In our ordinary life we become quite numb. We maintain sensitivity only for the most trivial aspects of existence through which we go about our daily life. The forceful bodily states can be compared to energizing our bodily life (and that's why all such states are achieved through some form of modification of the bodily state) where it is as if the atoms of our body begin to vibrate much more vigorously. This is all metaphoric of course (although rising the temperature of the body do that also literally, but that's not the point). This pumped up bodily state feels as out-of-the-ordinary and our "I" becomes more alert, it finds means to imaginatively reflect within the energized bodily environment, deeper intuitions. However, as most things in this area, we also have the problem of
tolerance.
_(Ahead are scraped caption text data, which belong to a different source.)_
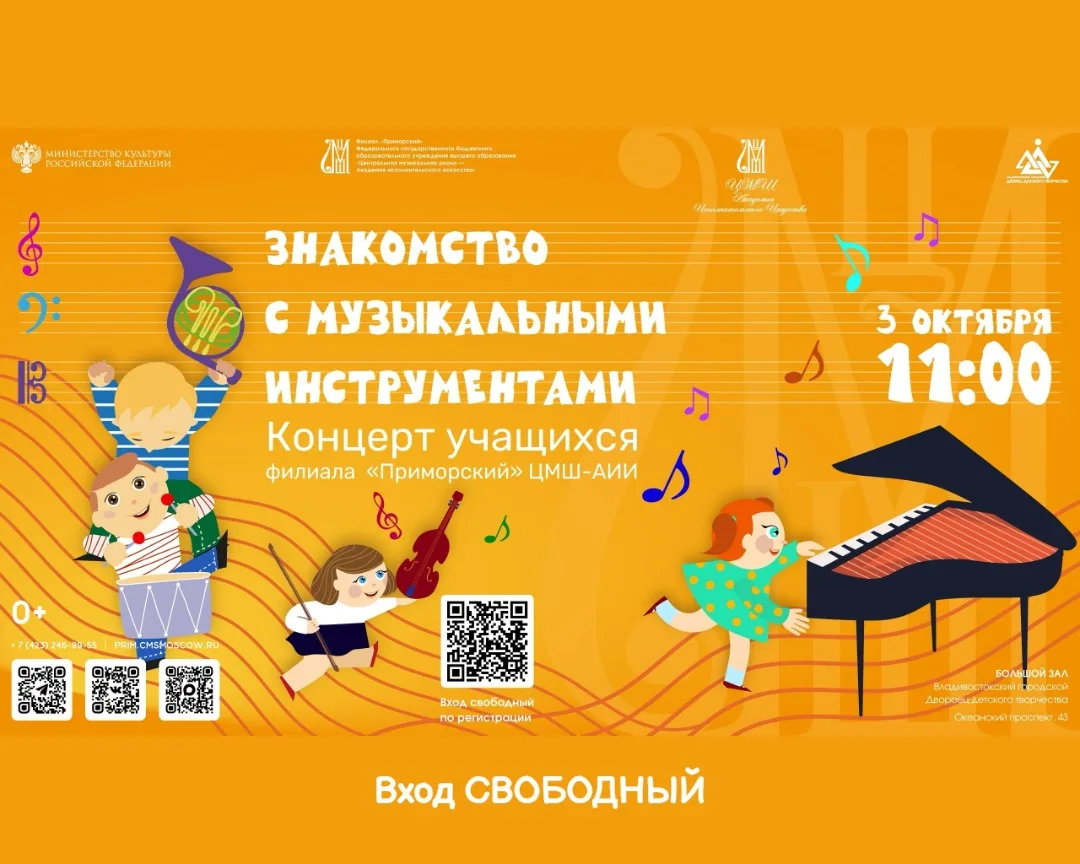 3 октября, суббота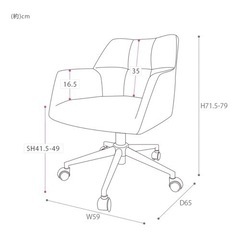 デスクチェアの画像
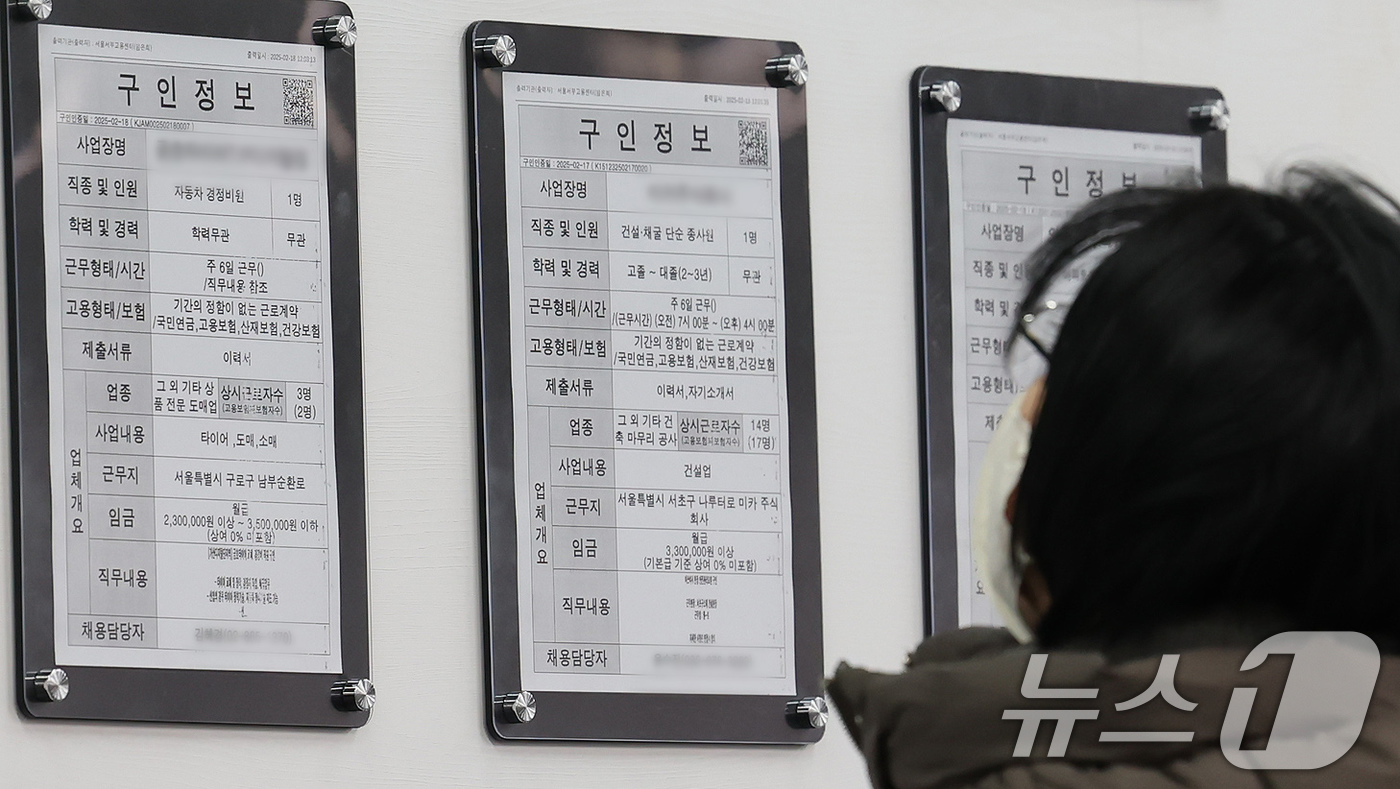 (서울=뉴스1) 장수영 기자 = 21일 오전 서울 마포구 고용복지플러스센터를 찾은 시민들이 구직활동을 하고 있다.통계청 국가통계포털(KOSIS)에 따르면 지난해 3분기 40대 신규 …
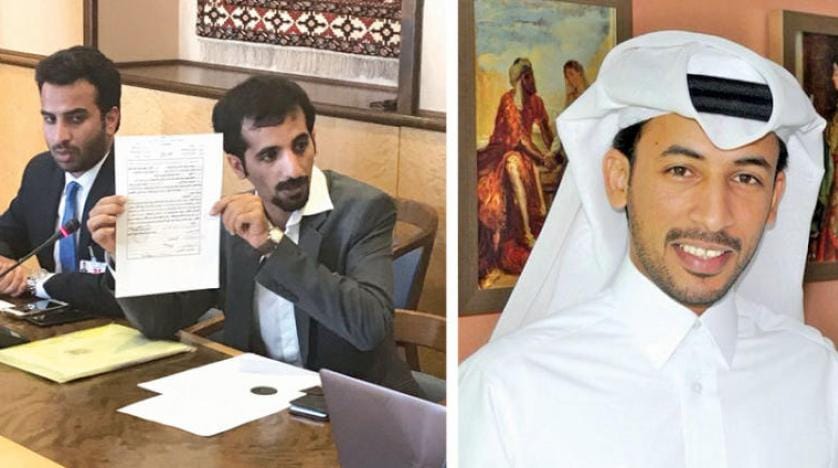 قطر کی طرف سے شہریت ختم کرنے کے عمل پر انسانی حقوق کی تنظیموں کی تنقید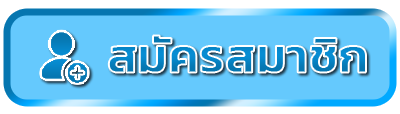 huaysiam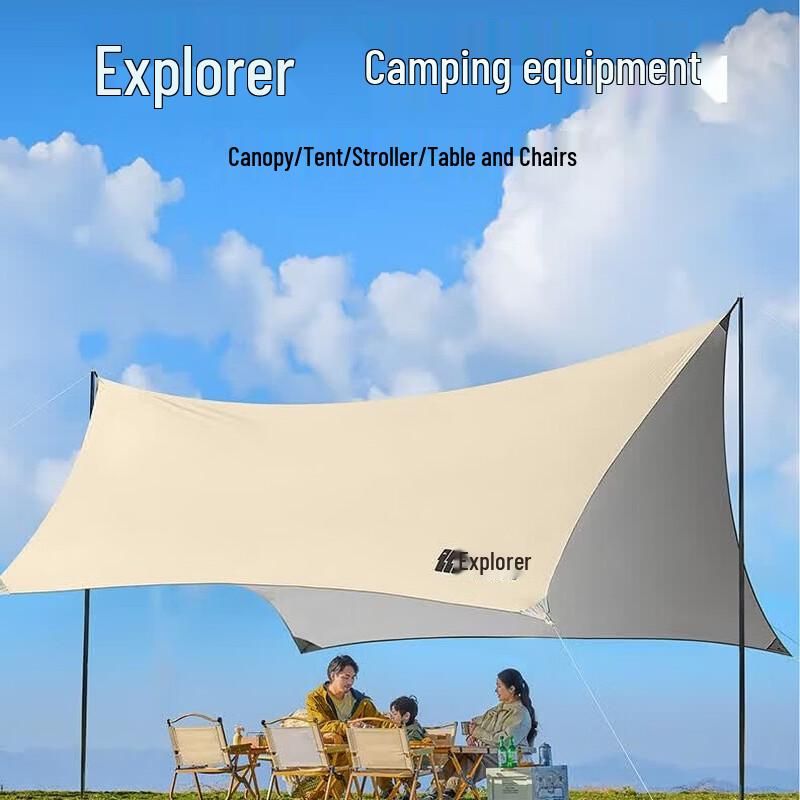 Explorer Outdoor Camping Gear Set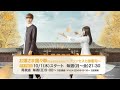 中国発の胸キュン学園ラブストーリー！「お嬢さま飄々拳～プリンセスと御曹司～」 10/1（木）よりLaLa TVで日本初放送！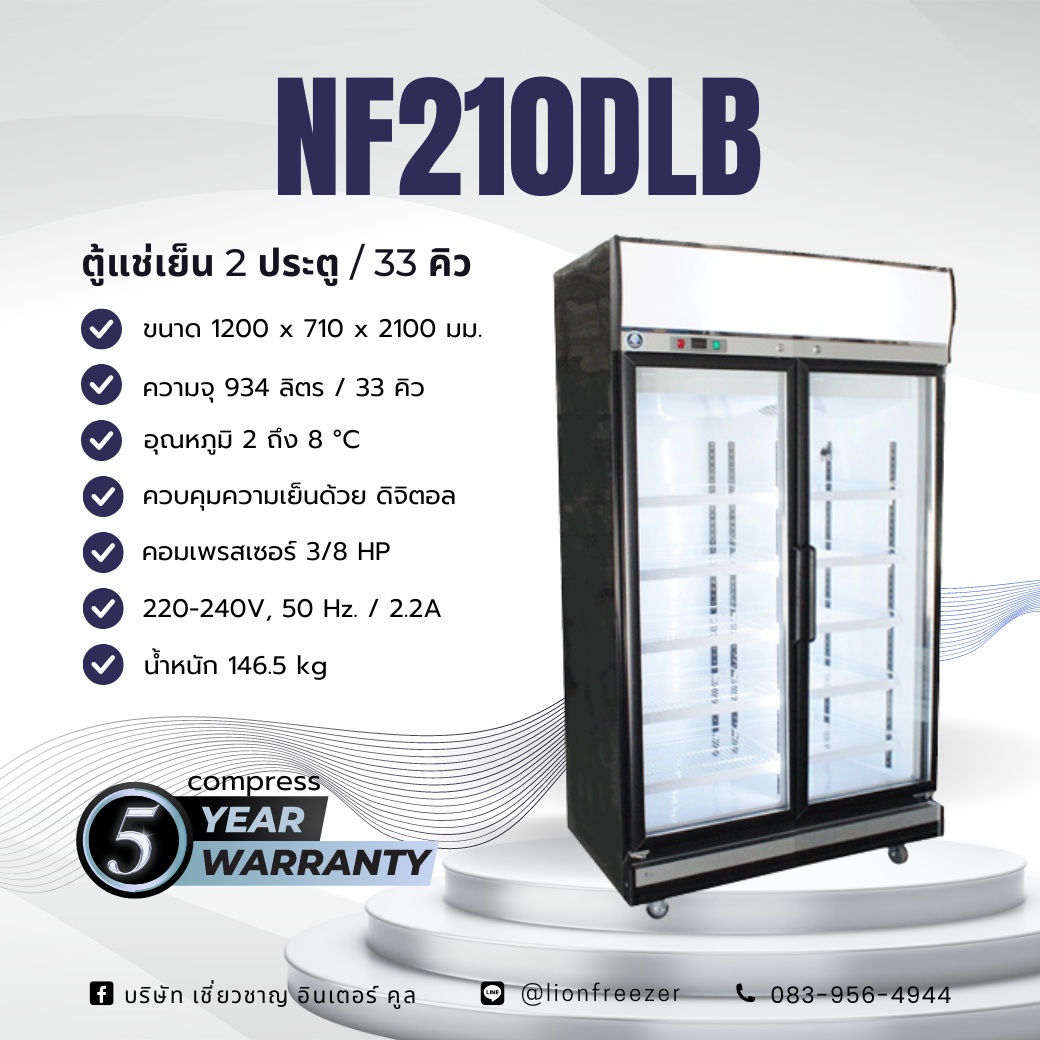 ตู้แช่เย็น 2 ประตู 33 คิว (Chiller) BLACK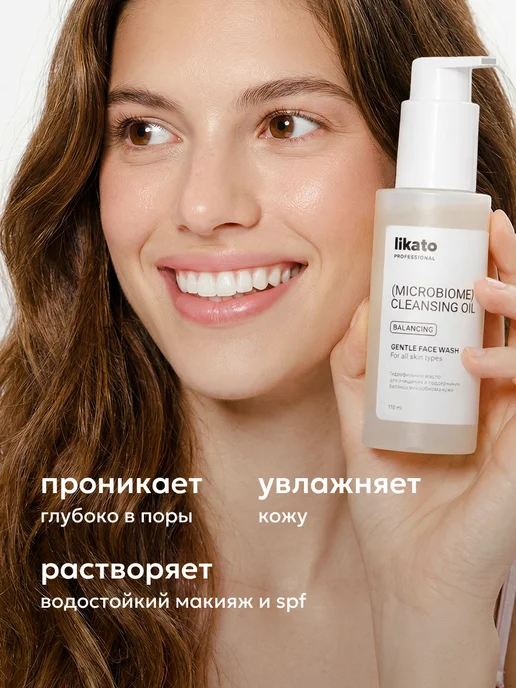 Likato professional Гидрофильное масло для умывания лица и снятия макияжа, вариант, фото 3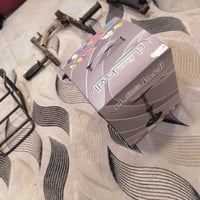 تانكي • اركيلة • عرباين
Our ego quickly gets used to the modified bodily environment and soon the state loses its magic. This is quite obvious with psychedelics, for example.
To reach deeper states of consciousness, the ego has to find its being as if
in between the atoms of the body. In a sense, our ideal activity awakens within the spiritual streamlines along which formed existence coalesces, analogously to the way ferrofluid or iron filings are aligned along the magnetic force lines. Here, however, we're not speaking about some force field that we behold but instead our ideal existence flows along lines of
meaning (as in a kind of mathematical realm but alive and dynamic).
Such states can be reached only when our bodily processes begin to vibrate in resonance with the ideal streamlines. There's nothing forceful in this experience. Instead, as said, our body comes to feel transparent, as if superfluid or superconductive. It is utterly impossible to reach this state through forceful modification of the bodily state. This only makes it oscillate more intensely, which only deafens the subtle ideal life. It's like each point of our body is a pendulum that swings more and more vigorously and as such spends even less time near the point of balance. If our "I" is to find its spiritual essence, these oscillations need to be brough
in-phase with the ideal currents of archetypal meaning. Then an important inversion happens. We no longer feel that our lower bodies give us the foundation in which we reflect our consciousness but instead, we awaken to a spiritual world of living meaningful intents of beings, within which all lower life takes form.